节点文献
考虑特征变量异质性的分类方法及其在风险决策中的应用研究
Research on Classification Method and Its Application in Risk Decision-Making with Feature Space Heterogeneity
【作者】 王昱;
【作者基本信息】 中国科学技术大学 , 管理科学与工程, 2009, 博士
【摘要】 风险决策中广泛存在着具有如下特征的一类问题,即风险决策者首先需要建立历史数据样本与自然状态之间的依赖关系,然后根据该依赖关系估计一个新的数据样本所对应自然状态的出现概率,最后建立风险决策模型,以最大化收益函数(或最小化风险损失函数)为目标选择最优行动方案。从建立历史数据样本与自然状态的依赖关系这一意义上,可以将这类风险决策问题归纳为数据挖掘中的分类问题,因而数据挖掘中的各种分类方法可以应用于该类风险决策问题。由于分类的高效性和准确性对于风险决策具有关键性影响,因此分类方法及其在风险决策中的应用研究具有重要的理论和现实意义。已有的相关研究主要从分类方法及其应用的角度考虑风险决策问题。事实上,在应用各种数据挖掘技术前,探索了解数据的特性将对挖掘结果有重要甚至关键性的影响。在分类问题中,特征变量异质性是一种重要的数据特性,对于分类方法的应用结果具有显著影响。因此,本文主要研究考虑特征变量异质性的分类方法及其在风险决策问题中的应用。研究目的在于探索数据中存在的特征异质性这一数据特性,并提出相应的解决方法以提高分类的准确性,使分类方法能够更好地为风险决策提供支持。

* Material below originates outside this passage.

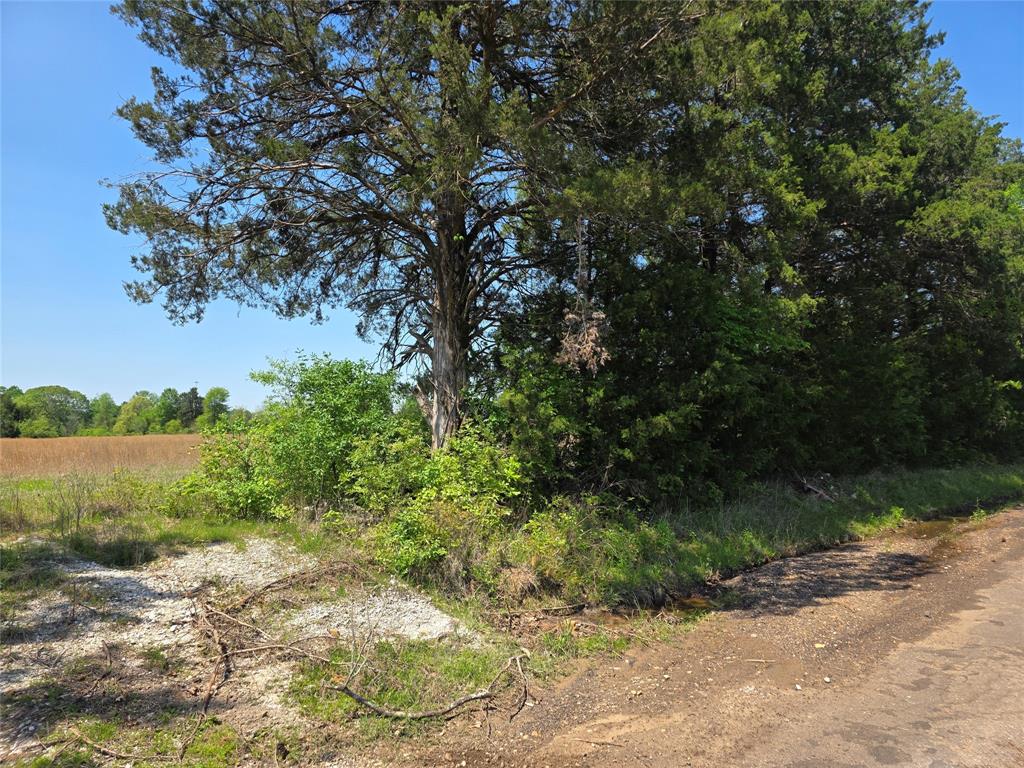 0000 Cr-4240 Property Photo 4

本文从第一章到第六章的内容安排如下:第一章概述了本文的研究背景,回顾了分类方法及其在风险决策问题中的相关研究和分类问题中特征变量异质性的研究现状,说明了本文的研究内容和研究意义。第二章首先对分类问题进行简要介绍,然后概述分类问题中的特征变量相关性和特征变量选择问题。在此基础上,根据一系列理论和实际应用研究对特征变量异质性的概念进行描述。由于特征变量异质性无法从数据样本集合中直接观察和测度,本章基于荟萃分析的基本思想,提出了一种利用全局特征变量选择和数据样本集合随机划分的方法来测度特征变量异质性的方法。在一系列基准数据集和人工构造的混合数据集上的实验计算结果说明了该测度方法的有效性。第三章主要考察特征变量异质性对分类方法效果的影响。本章首先对特征变量异质性的影响进行简要分析,然后通过实证研究说明分类问题中存在的特征变量异质性对分类方法的准确率具有较为显著的影响。本章采用的分类方法为一种将logistic回归与支持向量机集成的分类方法,该方法的主要思想是应用logistic回归的输出概率为支持向量机提供支持信息,以提高分类判别准确性。实证研究以企业财务困境预测这一风险管理和决策问题为背景,通过比较考虑特征变量异质性前后的分类预测准确率,说明了在存在特征变量异质性的分类问题中,考虑特征变量异质性有利于提高分类方法的准确率。第四章提出了一种基于因子分析和聚类分析的分类策略,该策略的基本思想是首先将原始的特征变量转化为新的特征变量,使得新的特征变量能够体现出原始特征变量在数据样本空间中的异质性,然后通过聚类分析得到各个具有特征变量同质性的样本子集,并在每个样本子集中分别建立相应的分类模型,从而减小特征变量异质性对分类方法准确率的影响。对于一个未知类标记样本,该分类策略首先将其转化为因子得分向量,然后将该因子得分向量按照最近邻规则划分到与之最近的样本子集合中,最后利用该样本子集合中的分类模型进行分类。在一系列基准数据集上的实验计算结果说明了该分类策略的有效性。第五章提出了一种考虑特征变量异质性且具有增量式学习特性的分类方法,可有效应用于一类具有特征变量异质性且需要决策者利用分类方法进行在线实时风险决策的问题。该方法首先利用基于网格的有指导聚类对数据样本集合进行划分,从而得到若干数据簇,且每个数据簇中数据样本点的类标记相同。在去除异常数据点后,该方法计算各个数据簇的特征变量相关性,并将该相关性作为距离测度中各特征变量的权重,应用最近邻方法进行分类。本章最后将该分类方法应用于一系列基准数据集和市场营销中的顾客确定问题,实证结果说明了该方法的有效性。第六章总结本文的工作,归纳本文的主要创新点,指出目前本文研究的局限,并根据已取得的研究结果对未来进一步研究的问题进行思考。本文工作的主要创新点如下:(1)提出了一种有效的特征变量异质性的测度方法,该方法可用于探索分类问题中存在的特征变量异质性,为解决分类问题提供策略性的信息。(2)提出了一种基于logistic回归与支持向量机集成的分类方法,该方法利用logistic回归得到的后验概率信息对支持向量机的输出结果进行修正,能够有效提高传统支持向量机的分类准确性。(3)提出了一种有效的考虑特征变量异质性的分类策略,该策略将具有特征变量异质性的数据样本集合划分为若干同质性的子集合,然后通过在各个子集合中分别建立分类模型来提高分类的准确性。(4)提出了一种具有增量式学习特性的分类方法,该方法能够以增量学习的方式处理由于数据样本频繁更新而导致的特征变量异质性模式变化,可以在存在特征变量异质性且需要实时在线决策的风险决策问题中得到有效的应用。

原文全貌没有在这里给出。